Here is the list of all major stock exchanges on Worldwide Stock Exchanges (http://www.tdd.lt/slnews/Stock_Exchanges/Stock.Exchanges.htm). This list does not include Over-the-counter (OTC) stocks. Check out information on OTC stocks at OTC Bulletin Board (http://www.otcbb.com/) or PinkSheets (http://www.pinksheets.com/index.jsp).
If you wish to buy and sell stocks online, you will need an online broker. This online broker takes the place of a human broker. You will trade with real money, the only difference is that instead of talking to a person concerning investments, you will make the decision on which stocks to buy and sell, and you will request your trades yourself. Although, some online brokerage firms offer live assistance or advice to their traders as part of their services.
Since not all brokerage firms offer live assistance, if you need assistance with your trades, you’ll need to choose a firm that offers this service.
Types of Stock
The following are the two types of stocks:
- Common stock
- Preferred stock
If you own a common stock in a company, you will be entitled to vote on corporate decision making and to receive dividends. However, if you own preferred stock, you will not be given voting rights, but when it comes to receiving dividend payments or any payment distributed when a company’s assets are liquidated, you will have priority over common stockholders.
Stock market watchers
The News Media and market watchers like to keep track of the market’s movement by watching the following three popular indexes:
- The S&P 500 follows the fortunes of 500 most valuable companies in US.

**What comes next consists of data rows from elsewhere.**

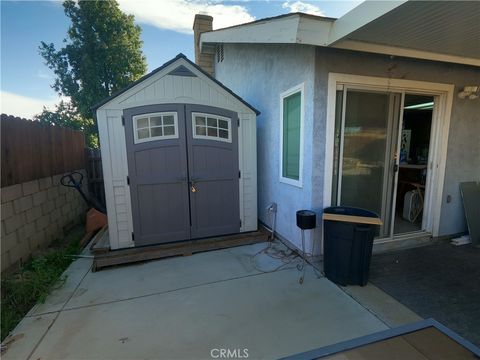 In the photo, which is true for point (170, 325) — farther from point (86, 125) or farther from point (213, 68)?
point (86, 125)

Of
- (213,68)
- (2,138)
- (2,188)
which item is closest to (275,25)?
(2,138)

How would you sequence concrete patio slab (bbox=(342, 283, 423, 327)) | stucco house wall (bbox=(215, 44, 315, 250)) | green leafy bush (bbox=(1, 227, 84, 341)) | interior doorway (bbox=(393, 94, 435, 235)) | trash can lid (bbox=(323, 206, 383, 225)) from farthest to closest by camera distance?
interior doorway (bbox=(393, 94, 435, 235)) < stucco house wall (bbox=(215, 44, 315, 250)) < trash can lid (bbox=(323, 206, 383, 225)) < green leafy bush (bbox=(1, 227, 84, 341)) < concrete patio slab (bbox=(342, 283, 423, 327))

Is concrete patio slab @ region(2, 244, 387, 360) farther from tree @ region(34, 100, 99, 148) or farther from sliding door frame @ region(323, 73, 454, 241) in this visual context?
tree @ region(34, 100, 99, 148)

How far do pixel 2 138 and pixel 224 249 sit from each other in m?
3.30

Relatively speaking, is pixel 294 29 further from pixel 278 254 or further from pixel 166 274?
pixel 166 274

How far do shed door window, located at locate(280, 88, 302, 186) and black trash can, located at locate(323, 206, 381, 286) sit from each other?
2.91 feet

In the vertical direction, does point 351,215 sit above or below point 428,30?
below

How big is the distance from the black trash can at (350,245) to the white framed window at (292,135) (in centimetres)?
85

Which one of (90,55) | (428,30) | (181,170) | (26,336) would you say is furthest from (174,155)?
(90,55)

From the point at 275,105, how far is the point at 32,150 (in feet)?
12.8

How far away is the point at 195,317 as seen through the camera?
7.75ft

- The NASDAQ composite only measure companies listed on the NASDAQ; the index is dominated by high-growth and technology driven companies.
- The Dow Jones Industrial Average (the first broad index stocks) keeps track on 30 leading companies in US.

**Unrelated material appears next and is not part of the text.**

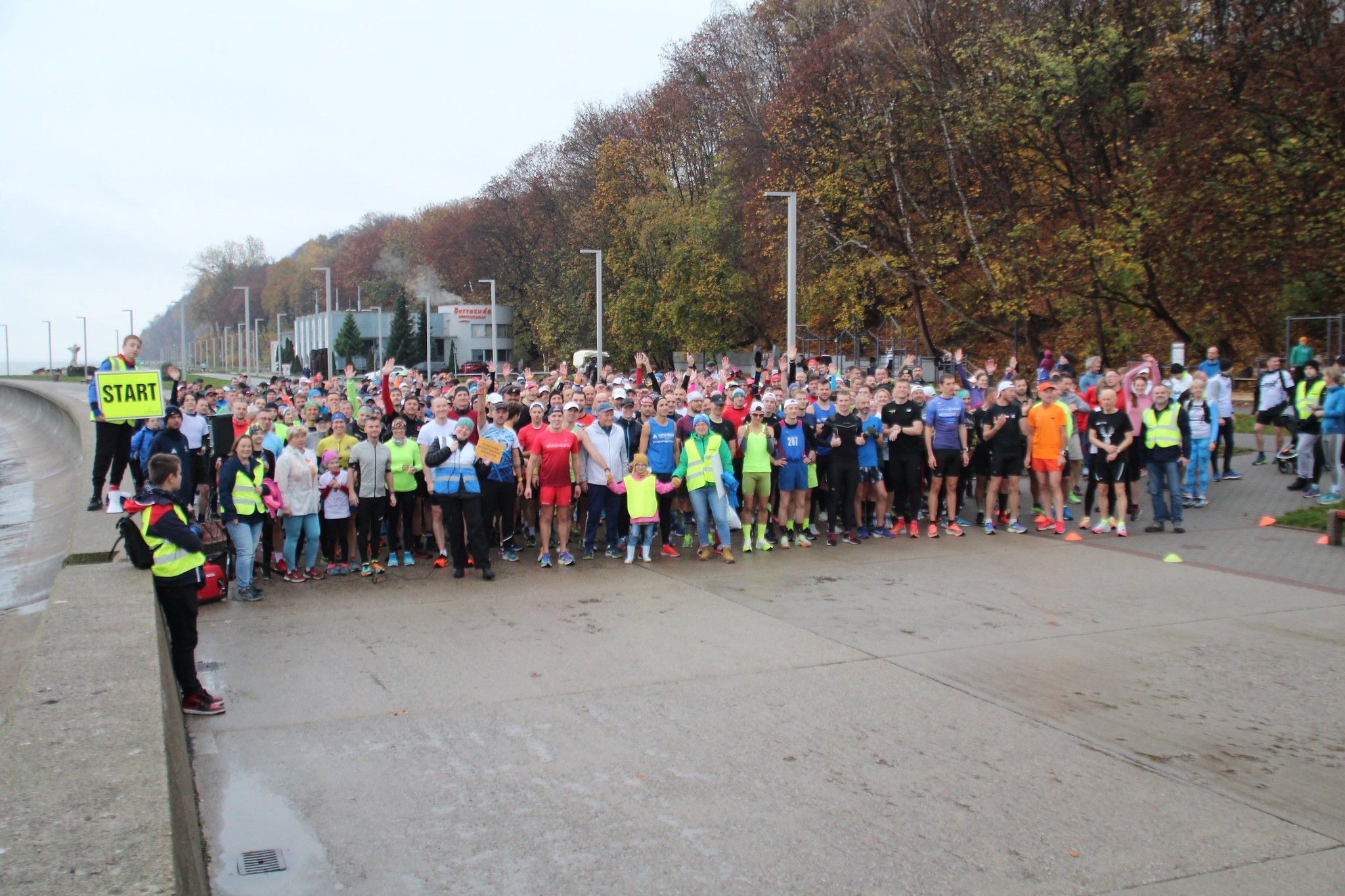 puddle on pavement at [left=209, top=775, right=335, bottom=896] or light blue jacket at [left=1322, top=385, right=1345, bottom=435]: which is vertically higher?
light blue jacket at [left=1322, top=385, right=1345, bottom=435]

How investing in Mutual Fund works
Mutual fund pool money from different investors to invest in a large group of assets, such as stocks or bonds, collectively known as a portfolio. When a person invests in a mutual fund, unlike an individual stock, he will own a piece of the fund and not the assets tied to it. Though he doesn’t own the mutual fund’s assets, the value of the assets is directly tied to the value of the fund and eventually, his shares.
The good thing about mutual funds is that the shares are affordable, and easy to redeem. Also, it provides streamlined professional management and allow investors to easily diversify their portfolios. Diversification is something to consider in stock trading, as it reduces investment risk because smaller amount of your money will be tied to many companies instead of having all your money tied up in one company. In a layman’s understanding, it is better to put your eggs in different baskets than putting all of them in one basket. Diversification sets in immediately a person invests in a mutual fund because the fund he invests in owns multiple assets.
Worth knowing, mutual funds are open-ended, hence, if an investor is interested in investing in the fund, a new share will be created for him to purchase. An investor will be required to pay fees and expenses associated with the fund regardless of how the assets perform.
How investors earn money with mutual fund
The following are the several ways investors earn money with mutual fund:
- Investors earn money from capital gain – when a security with an increase in price is sold by a fund – investors will make profits.
- Through Net Asset Value – the value of the shares of an investor automatically increases when the Net asset value of a fund increases.
- Investors also earn from dividend payments. If you hold stock in companies performing well, you can also earn money via dividend payments – they are issued when a company shares some of its earnings with its stockholders. And the amount you will get depends on the dividend each share gets multiplied by the total number of shares you own in that company.